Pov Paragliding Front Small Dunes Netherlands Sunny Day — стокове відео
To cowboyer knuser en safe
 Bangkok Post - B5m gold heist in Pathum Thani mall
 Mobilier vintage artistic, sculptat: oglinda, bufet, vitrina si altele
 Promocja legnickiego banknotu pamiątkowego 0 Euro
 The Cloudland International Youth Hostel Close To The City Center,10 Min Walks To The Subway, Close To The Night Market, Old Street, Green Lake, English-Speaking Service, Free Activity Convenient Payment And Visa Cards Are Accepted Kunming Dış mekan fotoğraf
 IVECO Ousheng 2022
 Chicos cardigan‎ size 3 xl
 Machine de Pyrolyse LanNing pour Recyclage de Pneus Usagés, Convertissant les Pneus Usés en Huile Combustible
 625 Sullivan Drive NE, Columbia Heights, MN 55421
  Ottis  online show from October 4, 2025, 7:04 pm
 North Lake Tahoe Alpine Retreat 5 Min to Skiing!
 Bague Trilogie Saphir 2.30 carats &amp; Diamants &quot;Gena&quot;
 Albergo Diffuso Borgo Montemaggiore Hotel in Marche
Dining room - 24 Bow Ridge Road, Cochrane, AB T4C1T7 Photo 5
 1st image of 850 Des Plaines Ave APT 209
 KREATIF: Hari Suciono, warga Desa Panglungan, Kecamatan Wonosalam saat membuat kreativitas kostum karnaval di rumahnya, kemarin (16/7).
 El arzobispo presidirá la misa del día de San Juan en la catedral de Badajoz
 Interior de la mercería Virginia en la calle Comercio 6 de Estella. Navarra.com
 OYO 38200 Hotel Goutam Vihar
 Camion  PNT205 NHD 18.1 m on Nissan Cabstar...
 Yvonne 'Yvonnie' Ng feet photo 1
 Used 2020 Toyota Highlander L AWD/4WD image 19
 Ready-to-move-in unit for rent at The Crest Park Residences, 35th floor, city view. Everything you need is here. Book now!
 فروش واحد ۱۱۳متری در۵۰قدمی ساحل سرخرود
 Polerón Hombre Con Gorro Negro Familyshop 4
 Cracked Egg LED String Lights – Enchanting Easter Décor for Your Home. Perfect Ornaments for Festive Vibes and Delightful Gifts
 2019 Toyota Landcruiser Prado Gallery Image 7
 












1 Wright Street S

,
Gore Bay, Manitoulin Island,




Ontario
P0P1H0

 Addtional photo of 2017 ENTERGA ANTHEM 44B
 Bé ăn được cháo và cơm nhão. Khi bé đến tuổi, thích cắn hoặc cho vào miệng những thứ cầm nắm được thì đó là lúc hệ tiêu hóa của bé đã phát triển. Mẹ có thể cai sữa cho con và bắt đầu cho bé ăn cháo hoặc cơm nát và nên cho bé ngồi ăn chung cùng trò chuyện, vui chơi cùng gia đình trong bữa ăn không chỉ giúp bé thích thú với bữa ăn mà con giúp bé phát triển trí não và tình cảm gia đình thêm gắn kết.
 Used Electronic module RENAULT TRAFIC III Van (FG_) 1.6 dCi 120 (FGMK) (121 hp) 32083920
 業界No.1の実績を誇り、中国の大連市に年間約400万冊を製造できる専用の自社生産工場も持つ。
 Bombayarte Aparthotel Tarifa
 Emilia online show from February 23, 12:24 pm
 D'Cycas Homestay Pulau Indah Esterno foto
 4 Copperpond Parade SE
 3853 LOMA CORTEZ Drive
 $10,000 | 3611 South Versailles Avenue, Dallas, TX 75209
################
◆ **AIM OF THE TASK**
An exact copy of the listing above is what is wanted.

◆ **RESPONSE FOR THIS EXERCISE**
Pov Paragliding Front Small Dunes Netherlands Sunny Day — стокове відео
To cowboyer knuser en safe
 Bangkok Post - B5m gold heist in Pathum Thani mall
 Mobilier vintage artistic, sculptat: oglinda, bufet, vitrina si altele
 Promocja legnickiego banknotu pamiątkowego 0 Euro
 The Cloudland International Youth Hostel Close To The City Center,10 Min Walks To The Subway, Close To The Night Market, Old Street, Green Lake, English-Speaking Service, Free Activity Convenient Payment And Visa Cards Are Accepted Kunming Dış mekan fotoğraf
 IVECO Ousheng 2022
 Chicos cardigan‎ size 3 xl
 Machine de Pyrolyse LanNing pour Recyclage de Pneus Usagés, Convertissant les Pneus Usés en Huile Combustible
 625 Sullivan Drive NE, Columbia Heights, MN 55421
  Ottis  online show from October 4, 2025, 7:04 pm
 North Lake Tahoe Alpine Retreat 5 Min to Skiing!
 Bague Trilogie Saphir 2.30 carats &amp; Diamants &quot;Gena&quot;
 Albergo Diffuso Borgo Montemaggiore Hotel in Marche
Dining room - 24 Bow Ridge Road, Cochrane, AB T4C1T7 Photo 5
 1st image of 850 Des Plaines Ave APT 209
 KREATIF: Hari Suciono, warga Desa Panglungan, Kecamatan Wonosalam saat membuat kreativitas kostum karnaval di rumahnya, kemarin (16/7).
 El arzobispo presidirá la misa del día de San Juan en la catedral de Badajoz
 Interior de la mercería Virginia en la calle Comercio 6 de Estella. Navarra.com
 OYO 38200 Hotel Goutam Vihar
 Camion  PNT205 NHD 18.1 m on Nissan Cabstar...
 Yvonne 'Yvonnie' Ng feet photo 1
 Used 2020 Toyota Highlander L AWD/4WD image 19
 Ready-to-move-in unit for rent at The Crest Park Residences, 35th floor, city view. Everything you need is here. Book now!
 فروش واحد ۱۱۳متری در۵۰قدمی ساحل سرخرود
 Polerón Hombre Con Gorro Negro Familyshop 4
 Cracked Egg LED String Lights – Enchanting Easter Décor for Your Home. Perfect Ornaments for Festive Vibes and Delightful Gifts
 2019 Toyota Landcruiser Prado Gallery Image 7
 












1 Wright Street S

,
Gore Bay, Manitoulin Island,




Ontario
P0P1H0

 Addtional photo of 2017 ENTERGA ANTHEM 44B
 Bé ăn được cháo và cơm nhão. Khi bé đến tuổi, thích cắn hoặc cho vào miệng những thứ cầm nắm được thì đó là lúc hệ tiêu hóa của bé đã phát triển. Mẹ có thể cai sữa cho con và bắt đầu cho bé ăn cháo hoặc cơm nát và nên cho bé ngồi ăn chung cùng trò chuyện, vui chơi cùng gia đình trong bữa ăn không chỉ giúp bé thích thú với bữa ăn mà con giúp bé phát triển trí não và tình cảm gia đình thêm gắn kết.
 Used Electronic module RENAULT TRAFIC III Van (FG_) 1.6 dCi 120 (FGMK) (121 hp) 32083920
 業界No.1の実績を誇り、中国の大連市に年間約400万冊を製造できる専用の自社生産工場も持つ。
 Bombayarte Aparthotel Tarifa
 Emilia online show from February 23, 12:24 pm
 D'Cycas Homestay Pulau Indah Esterno foto
 4 Copperpond Parade SE
 3853 LOMA CORTEZ Drive
 $10,000 | 3611 South Versailles Avenue, Dallas, TX 75209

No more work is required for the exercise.